Obtener poder. Si no hay líderes que hagan buena filosofía política, el ágora pública es mediocre. Pero una cosa es la buena filosofía política y otra, muy diferente, los condicionamientos ideológicos como pretexto para lograr el poder. He dedicado mi pluma al combate de aquellas peligrosas ideologías que, simplemente, son un conjunto de creencias que responden al interés particular de grupos afanados en eso: obtener poder. Ideologías que dan por sentadas convicciones que, en la gran mayoría de los casos, no tienen fundamento en la realidad. Aún recuerdo, con sincero asombro, la entrevista hecha a alguna activista de la hoy tan en boga ideología de género. Fue en agosto del 2012, en el periódico La Nación. En ella, la entrevistada se atrevió a afirmar, sin sonrojo alguno, que la maternidad “no era algo natural”, sino una imposición patriarcal. ¡De antología!
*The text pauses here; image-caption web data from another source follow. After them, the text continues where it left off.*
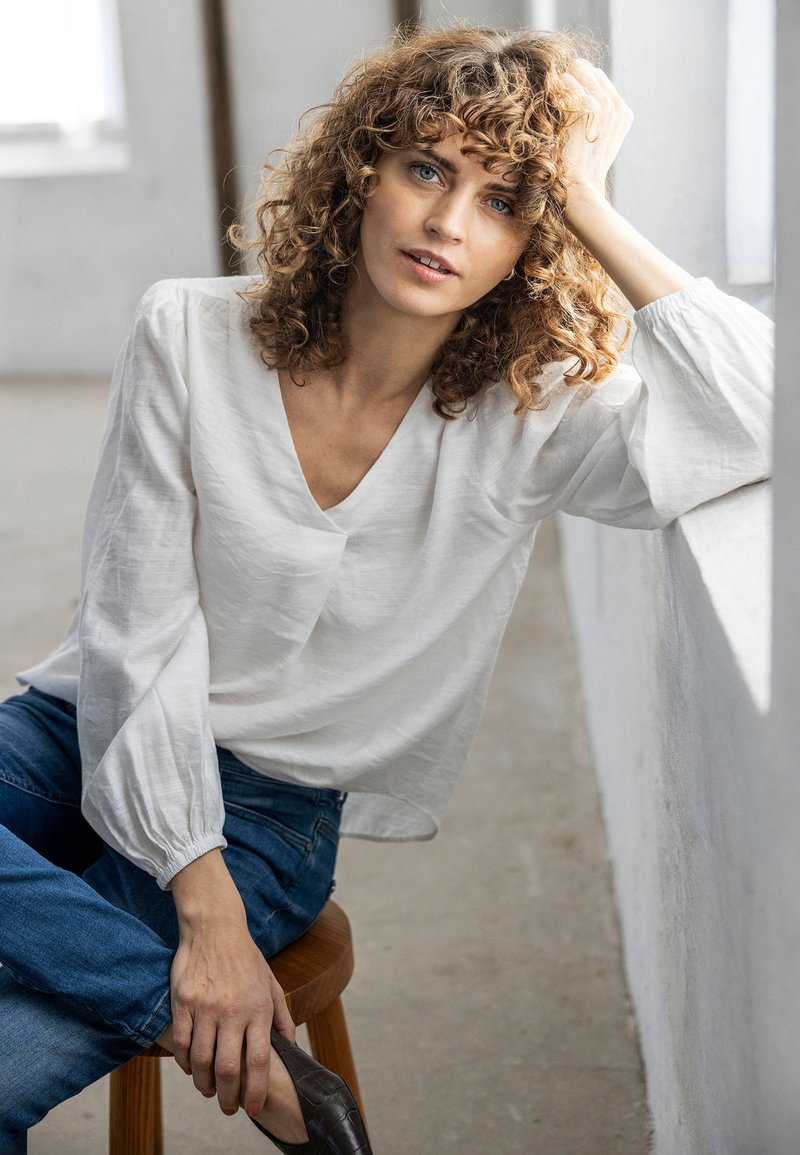 Femme aux cheveux bouclés en blouse blanche et jean bleu, assise sur un tabouret en bois, appuyée sur un rebord de fenêtre blanc, regardant calmement devant elle.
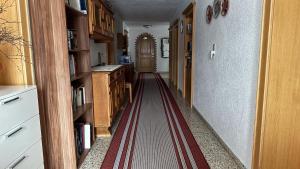 a hallway with a red stripe on the floor at Birkenhof in Leutasch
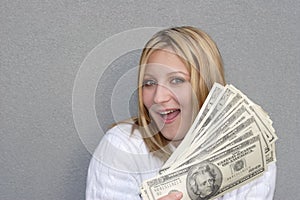 Happy woman with money photo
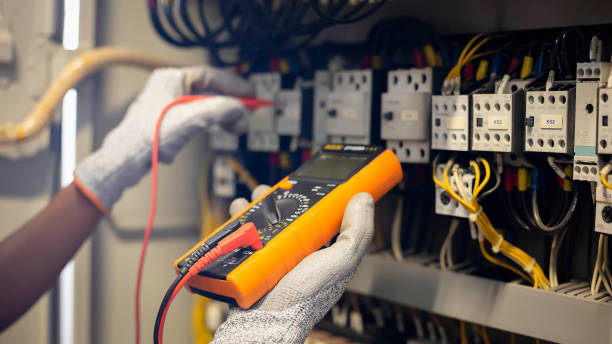 istock Electrician engineer uses a multimeter to test the electrical installation and power line current in an electrical system control cabinet. 1469656815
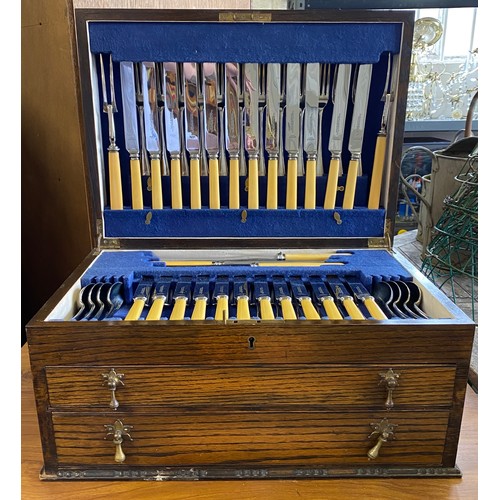 44 - An oak cased canteen of cutlery, for twelve, the canteen fitted with lift top over two drawers -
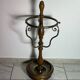 Umbrella stand and English-style wooden and brass canes, 20th century.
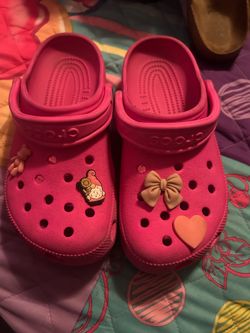 Pink crocs with charms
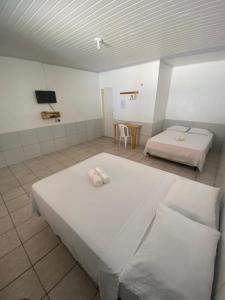 a large room with two beds and a tv at Pousada Andorinhas in Santo Amaro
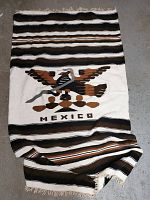 Full view of the woven tapestry showing eagle motif, stripes, and fringed edge.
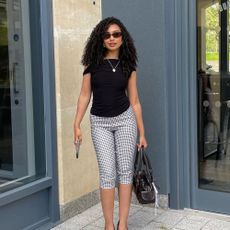 Influencer wears gingham capri pants.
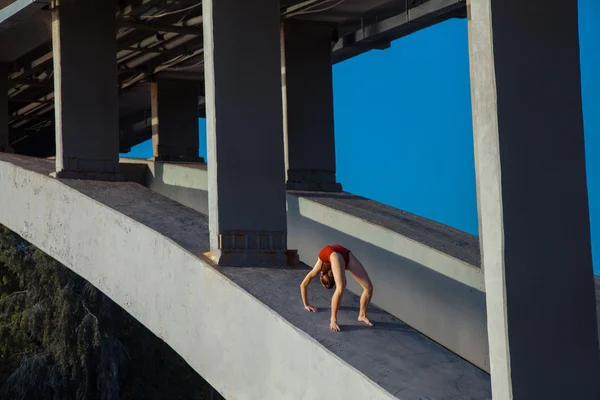 Young beautiful woman gymnast posing on bridge girder — Stok fotoğraf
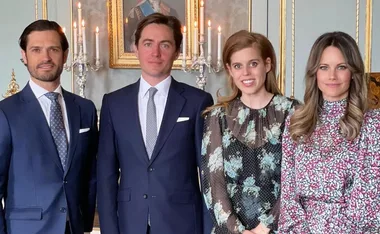 A group of four people dressed formally, smiling in a decorated room with candles and a portrait behind them.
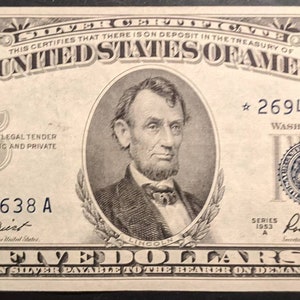 May include: A vintage five-dollar bill from the United States, featuring a portrait of Abraham Lincoln. The bill has intricate border designs and text that reads "The United States of America" and "Five Dollars". The bill is in shades of green and black.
No importa que los enunciados de la ideología que se defiende, no se ajusten a la realidad e, incluso, como en el ejemplo anterior, que evidentemente no se ajusten. Lo esencial es que dirijan el comportamiento. Y es que la ideología es una programación mental. Sean justificados sus predicados, o no, al final resultan un conjunto prescriptivo y sistemático de conductas condicionadas. Una programación mental que, en algunos casos, lleva a la estupidez, pero, en la mayoría de las ocasiones, al mal. Así como, en la primera mitad del siglo XX, miles de alemanes se convencieron, por una ideología, de que a los judíos y a los gitanos había que exterminarlos porque eran una raza inferior, así también, hoy, miles de jóvenes adoctrinados creen a pie juntillas que “la maternidad no es algo natural, sino una imposición patriarcal”.

Secuestro del lenguaje. Existe una irresponsabilidad intelectual de quienes, con frecuencia, difunden ideas polémicas por el simple afán de protagonismo, por el esnobismo y la exaltación que, por sí solo, produce el vértigo del cambio. Para lograr el objetivo, lo primero que la ideología debe hacer es corromper el lenguaje. En este sentido, recomiendo la obra El secuestro del lenguaje, de Alfonso López Quintas, catedrático de Filosofía de la Universidad Complutense de Madrid, quien explica la gradual y progresiva estrategia de perversión del lenguaje como herramienta para manipular a la sociedad y a las mentes simples.

Así, por ejemplo, según el lenguaje de los novedosos y modernos códigos morales que pretenden imponernos, lo “digno” no es llevar con valor la muerte hasta su desenlace natural, como testimonio de vida o hasta con la esperanza de una posible sanidad, sino que, ahora, lo “digno” es suicidarse con asistencia, y lo contrario –sobrellevar la muerte natural– es, por consecuencia, “indigno”.

En el nuevo lenguaje, no se aborta o se asesina una vida en el vientre materno, sino que, más bien, se ejerce un “derecho sexual reproductivo” y “de emergencia se interrumpe el embarazo.” Esencialmente, el secuestro del lenguaje.